「ディスカウント」の言葉に要注意。有名品こそ気をつけたい世界のお土産
メキシコの「シルバーアクセサリー」
筆者の人生初の海外旅行は、アメリカとメキシコでした。アメリカで訪れたのは西海岸だったため、国境を越えてメキシコのティファナへ行ったことがとても懐かしいです。
国境を越えた先の世界観の違いに、当時10代の筆者は面食らってしまいました。その衝撃で冷静さを失っていたのか、路上販売のお兄さんに、ニセモノの「シルバーブレスレット」を高額で買わされた経験があります。

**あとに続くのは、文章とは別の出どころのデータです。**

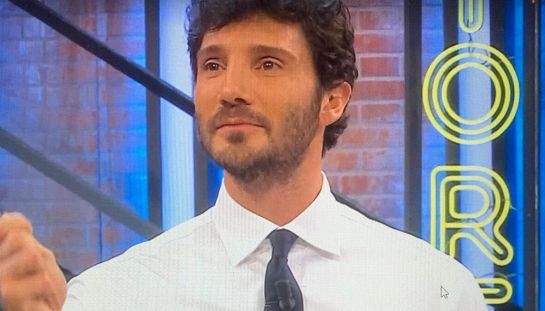 Affari tuoi, De Martino perde la pazienza e sbotta: "Squalificata". Ilaria si commuove e vince una maxi cifra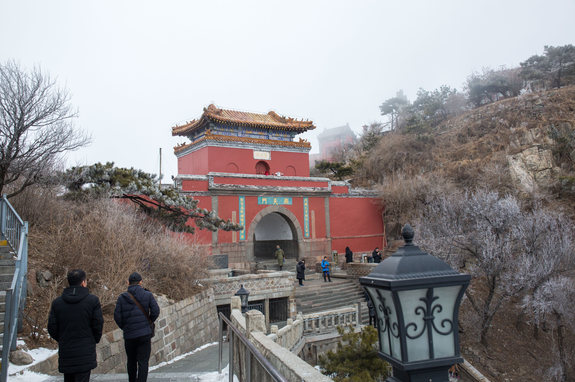 登高望遠(yuǎn) 共敘友誼 砥礪前行 共求發(fā)展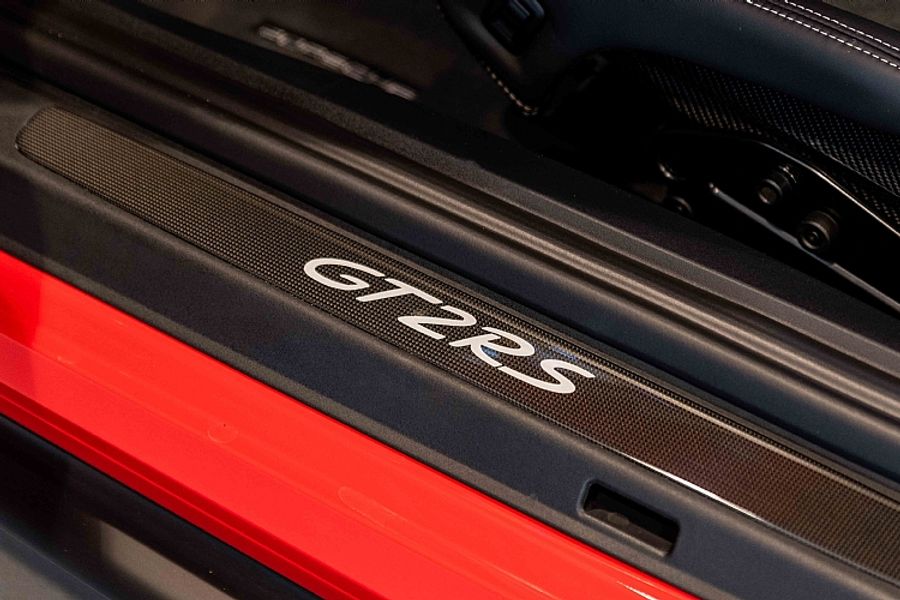 2018 Porsche 991 GT2RS RHD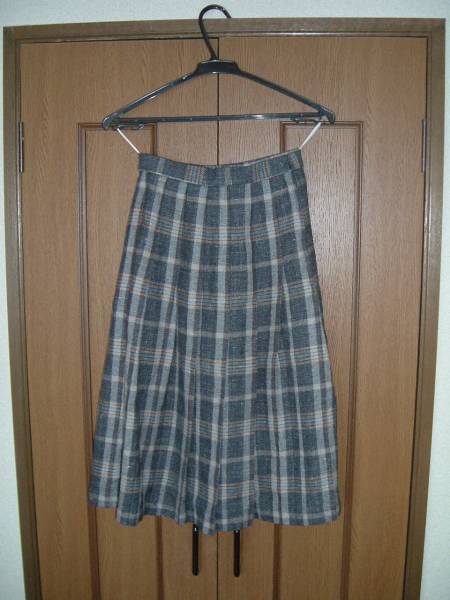 東京スタイル グレー系チェック プリーツスカート W63拍卖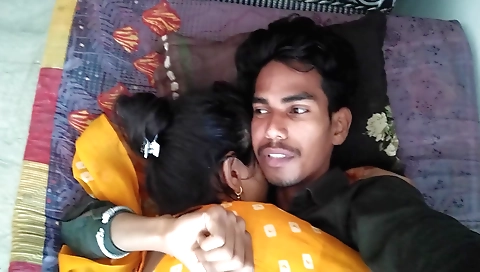 Indian girl masturbates and masturbates with her vibrator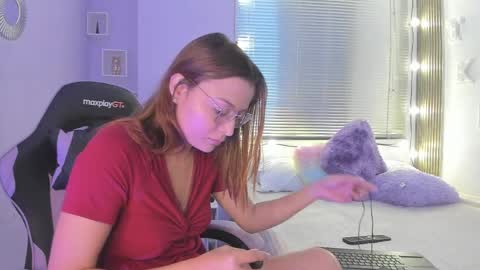 Snapshot of littletammy4u chatting on 04/01/26, 11:22 Tammy online show from 04/01/26, 11:22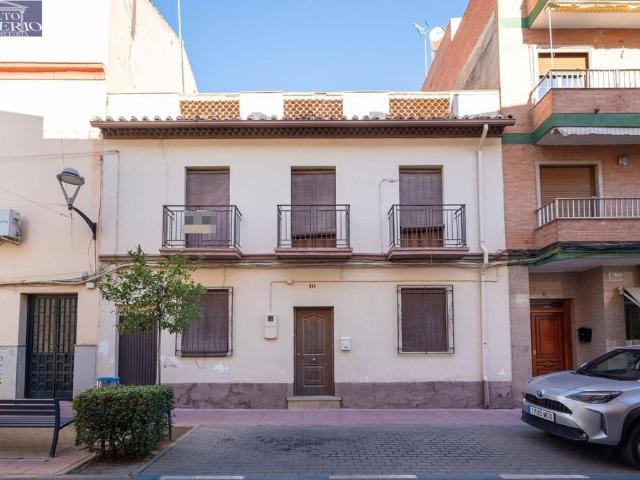 Terreno / Solar de 190 m2 Peligros, Andalucía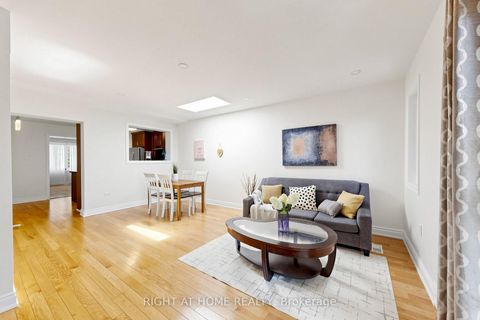 Photo 11 at 337 Hollyberry Trail, Hillcrest Village, Toronto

メキシコでしたが、国境にある街だったので、当時の記憶ではアメリカドルが使えたのですが価格は50ドル。日本円にして約6,000円ほどです。
当時、木村拓哉さん主演『若者のすべて』(フジテレビ)というドラマが流行していました。そのドラマ内で木村拓哉さんがシルバーのブレスレットを身に着けていて、その姿に強烈な憧れを抱いていたヤングの筆者。
旅の前からシルバーアクセサリーの一大産地であるメキシコで、素敵なシルバーのブレスレットを買って帰ろうと心に決めていたのです。
ティファナの中心部には、さまざまなシルバーアクセサリーのお店がありました。いくつか回ったのですが、当時のお小遣いではちょっと割高で二の足を踏んでしまいます。
迷っていると、ひとりの男性が路上で寄ってきて「シャチョウ、マツダセイコ、アミーゴ。ブレスレット、ディスカウント、50ダラーズ」と声をかけてきました。
その気さくさと人懐っこそうな笑顔に、ちょっと警戒を解いてしまった面もあるかもしれません。ブレスレットを買って、ツアーの集合場所に戻りました。
集合場所でほかの参加者を待ってると、別のブレスレット売りが近づいてきます。もう買っていると断ると、余計に食い下がってきました。見かねて「カズさん」という日本ガイドが間に割って入り、何やら現地の言葉で声をかけます。
すると、ブレスレット売りの顔が困惑し「20ダラーズ、10ダラーズ、ノー、5ダラーズ」と、最初50ドルだったブレスレットが5ドルまで下がりました。要するに、最初からその程度の価値のブレスレットなのですね。
案の定、筆者の買ったブレスレットは、帰国後すぐに銅色に変わっていきました。銅に銀メッキをしただけの偽物だったのです。
もちろん現地には正真正銘の正規品を扱うお店はあるはず。ですが、少なくとも路上販売のシルバー製品だけは、手を出さない方が無難かもしれません。